His health, which had begun to be impaired in 1863, gradually failed him, and in 1869 grew somewhat alarming. In the spring of 1870, he took a trip South with little result, and then he went to some springs for the summer. He resumed his duties at the college, but soon was taken ill in consequence of an accidental exposure, and after a short illness he died on October 12, 1870. His last words were of the war and his often dilatory subordinates: ‘Tell Hill he must come up.’

Tributes came from friend and foe, and now, after forty years have passed, they continue to come. Lee is to the Southern people and to many military experts in foreign countries the greatest commander of armies that America has ever produced. He is to all who have studied his character, and to many who have merely heard or read of him in a general way, one of the noblest of men. He is the ideal gentleman, not merely of Nature's making, but of race and breeding; in other words, a true aristocrat. Yet to his aristocratic virtues, he added the essentially democratic virtues, and he was an ideal Christian as well as an ideal gentleman and man.

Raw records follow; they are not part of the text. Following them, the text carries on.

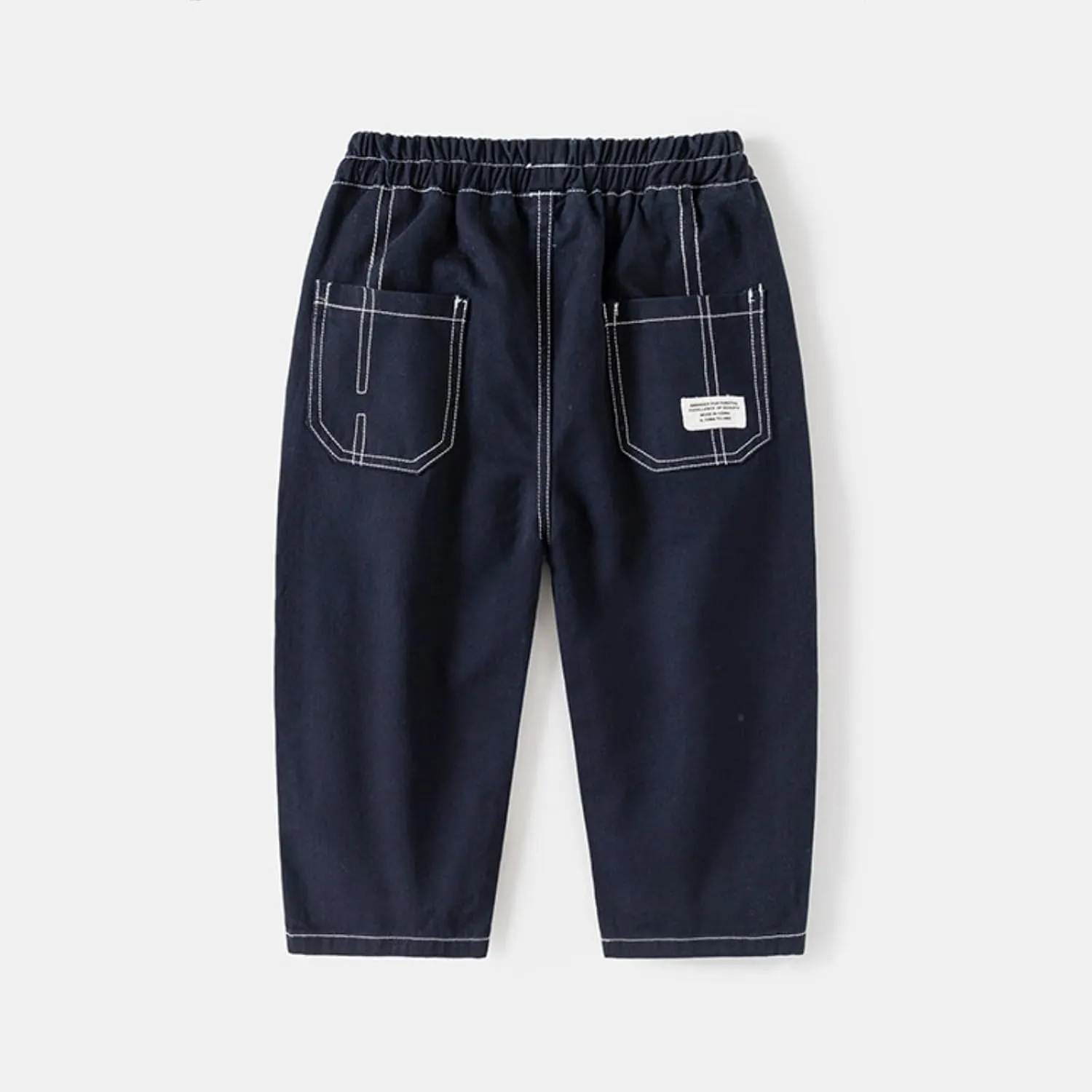 Little Boys Cargo Pants Elastic Waist Casual Pull on Pants Toddler Sweatpants Trousers Active Joggers Pants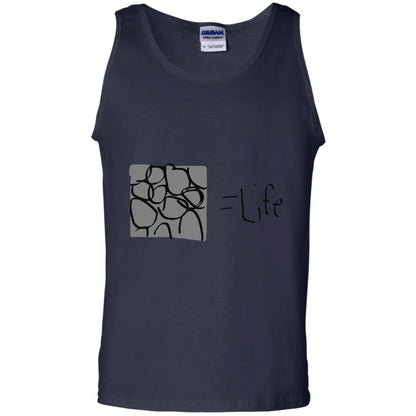 Cobblestone Equals Life Video Game Gamers Shirt Navy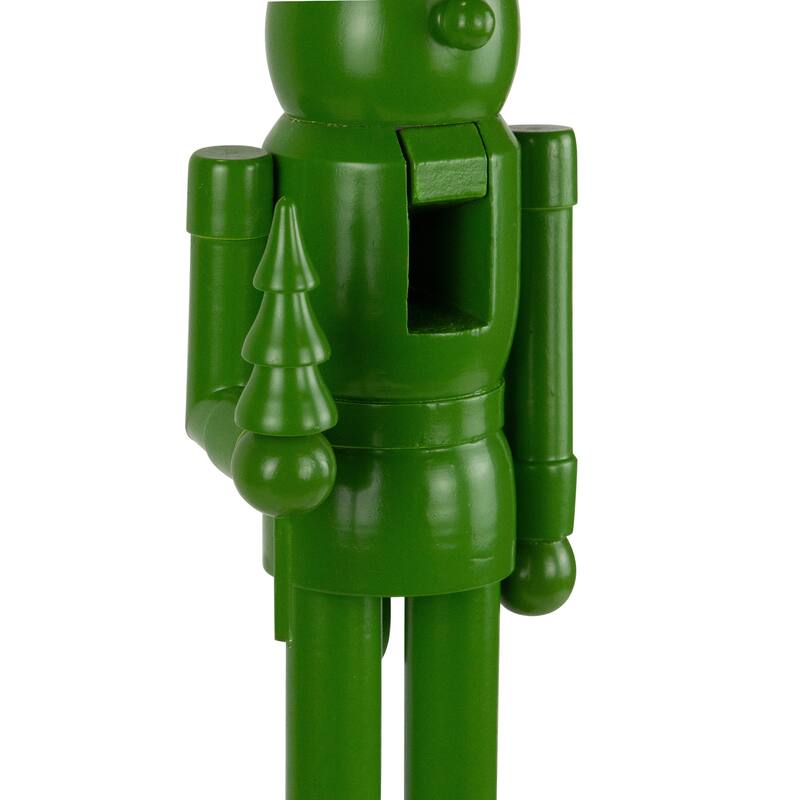 Nutcracker Soldier with Tree Christmas Figure - 15" - Green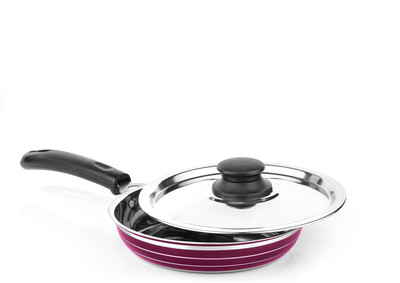

Ideale Fry Pan 20 cm diameter with Lid(Stainless Steel, Induction Bottom), Purple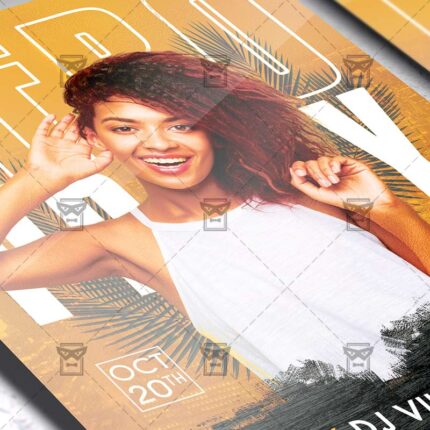 Afro Party - Flyer PSD Template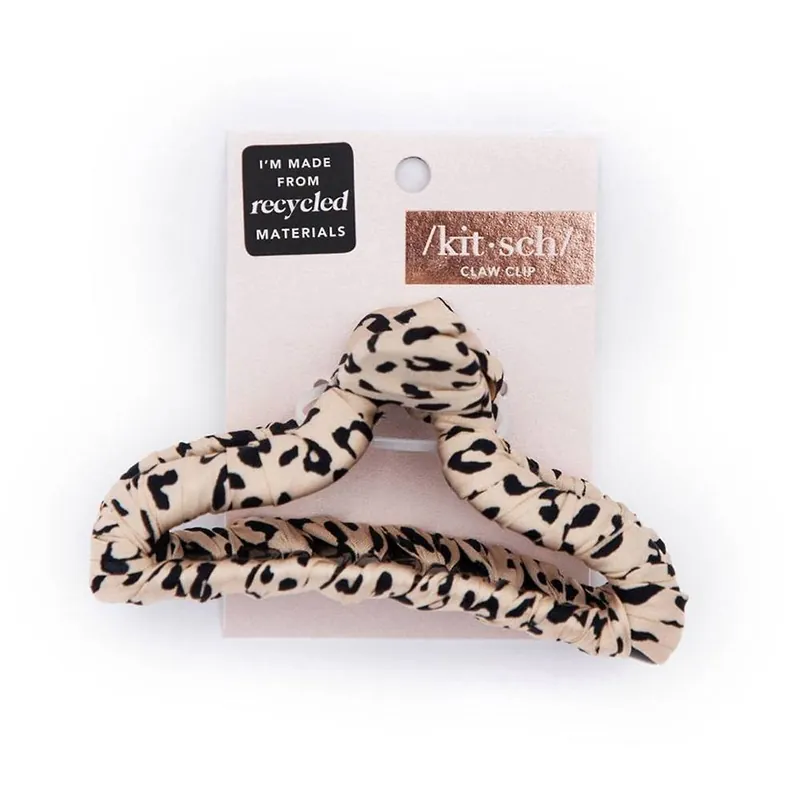 Today Only Leopard Satin Claw Clip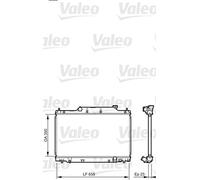 VALEO Radiatore, Raffreddamento motore 734702 Compatibile con: HONDA CIVIC VII Hatchback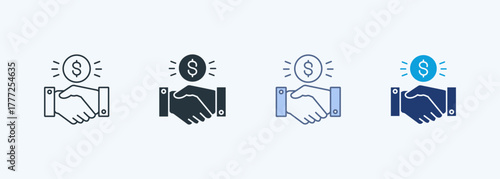 Agreement Multiple Style Icon Collection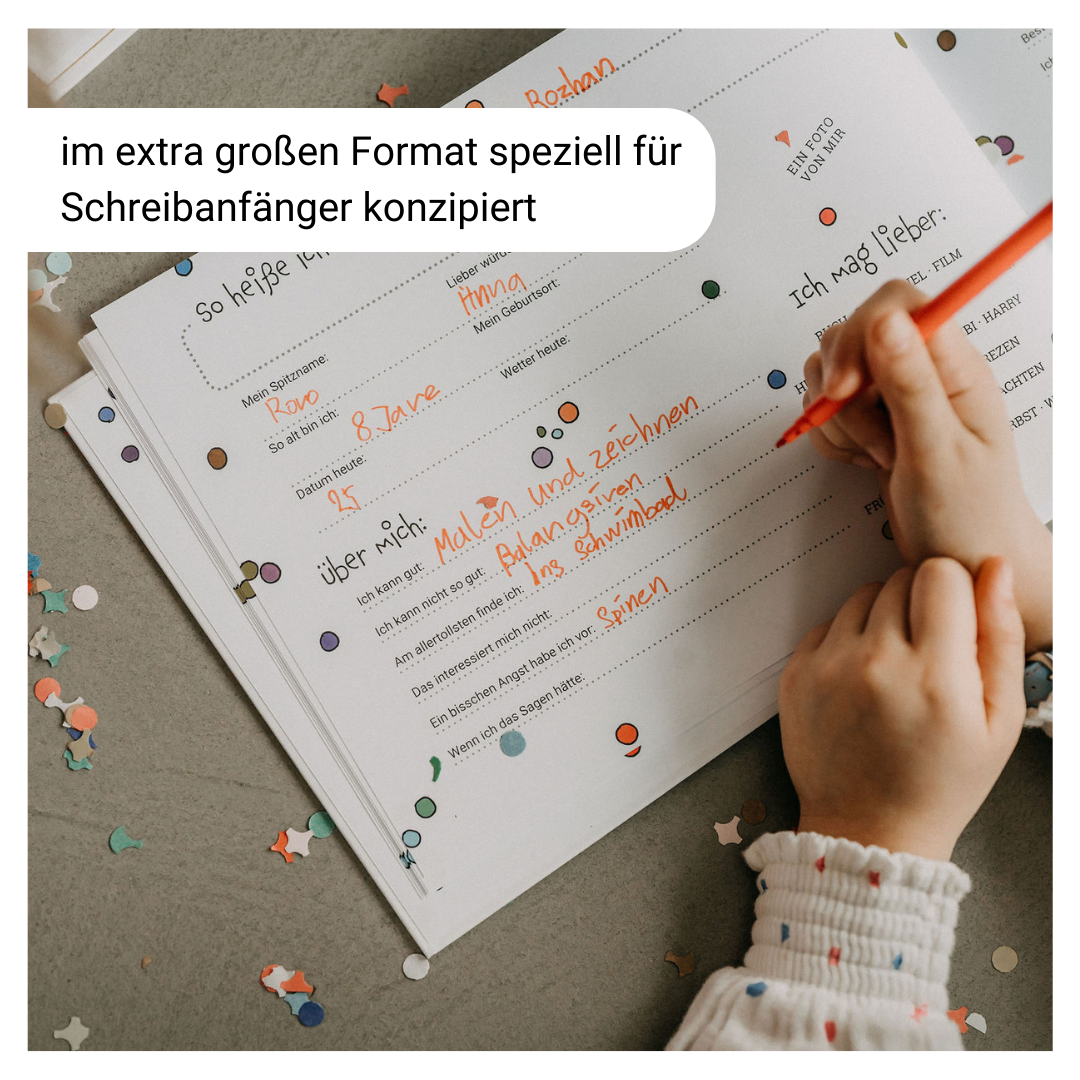 Freundschaftsbuch Konfetti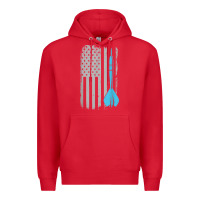 Red throwing darts   vintage usa american flag for dart players t shirt Premium Hoodie - linhVisuals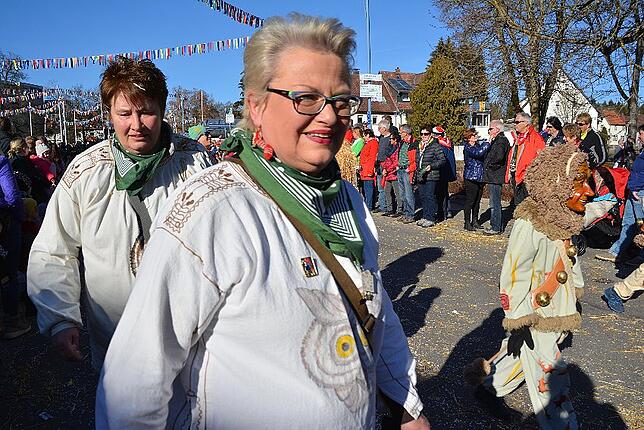 Bild 10: Bilder vom Narrentreffen der Urviecher-Zunft Bad Dürrheim: Großer Festumzug (3)
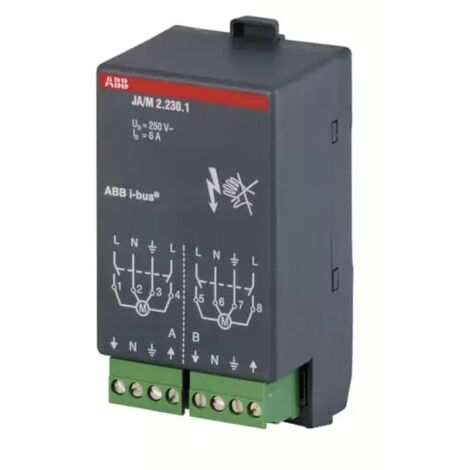 ABB JA/M2.230.1 Jalousieaktormodul, 2fach, 230 V AC 2CDG110003R0011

Lee's rank among the great men of the world is not so easy to determine, yet it seems clear that he must be named with the greatest of all time, with soldiers like Marlborough, for example, and that an additional luster attaches to his fame which few other great captains enjoy, since he attracts sympathy and love almost more than he does admiration. More completely perhaps than any other modern man of AngloSaxon stock he is qualified to be at once a hero of history and a hero of romance. He is the representative of a people that has suffered; hence his character and career possess a unique spiritual value not fully to be estimated by those who apply to him the normal tests of historical greatness.